Saturday, September 24, 2011

M. Ward: Transfiguration of Vincent (2003)



This record is new to me, and I'm delighted to discover that this and not Transistor Radio from a couple of years later is Matt Ward's artistic breakthrough. On his third album, he proves himself already a master of texture and a cinematic, dreamlike mood that is completely irresistible. From the opening sound of crickets chirping, these fifteen admirably concise tracks whisper in and out but never collapse under their ambience, and provide a showcase for both Ward's humongous guitar gifts and his attraction to bedroom-pop production in the vein of Nick Drake without succumbing to the gimmicry that often marred his prior effort, End of Amnesia.

"Transfiguration #1" is a piano-complemented Floyd Cramer imitation, a stage-setter of sorts, before Ward sets in with stirringly pretty ballads that easily compete with his influences, from the singer-songwriters of the '70s to Yo La Tengo. Ward's resistance to cop to pure sentimentality is a welcome change from his earlier work; whereas "Vincent O'Brian" might once have finally come across as mawkish, he buries under enough electric guitar and drums to make its nostalgia endearing and welcome, never cloying. At his best, though, he is unafraid of a stomping folk-rock that, on "Helicopter" and "Fool Says," verges on psychedelia. He's also unexpectedly witty; witness the filtered drone of the Johnny Cash burlesque "Sad, Sad Song," the jazzy barroom charm of "Poor Boy, Minor Key," the thrilling fusion of country-blues and chamber pop on "Get to the Table on Time."

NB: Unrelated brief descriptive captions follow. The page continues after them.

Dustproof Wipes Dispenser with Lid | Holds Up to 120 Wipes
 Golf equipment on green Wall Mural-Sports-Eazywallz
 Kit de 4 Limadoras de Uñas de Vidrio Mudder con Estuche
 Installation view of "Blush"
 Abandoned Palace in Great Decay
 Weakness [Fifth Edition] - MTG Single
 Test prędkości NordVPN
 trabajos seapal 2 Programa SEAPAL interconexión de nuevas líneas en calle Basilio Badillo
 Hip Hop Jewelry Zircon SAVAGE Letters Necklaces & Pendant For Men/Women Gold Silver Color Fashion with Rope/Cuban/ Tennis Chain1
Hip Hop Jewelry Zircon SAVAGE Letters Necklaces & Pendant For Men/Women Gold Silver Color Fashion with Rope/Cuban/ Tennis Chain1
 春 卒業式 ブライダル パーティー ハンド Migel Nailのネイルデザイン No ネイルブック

The record doesn't divide itself convincingly into songs, but they're here if you need them; the melodies here are more persuasive than is usual for Ward's output, before or since (with a brighter arrangement, "A Voice at the End of the Line" could work as a She & Him track; "Let's Dance" is unabashed prom night stuff). It's more likely that you'll find the ambience so enjoyable that you'll simply let the whole thing play through. And that's certainly a virtue not to be taken lightly. Just don't assume that just because the thing is pretty, it's passable purely on that basis; pay close attention and you'll find this no less rewarding.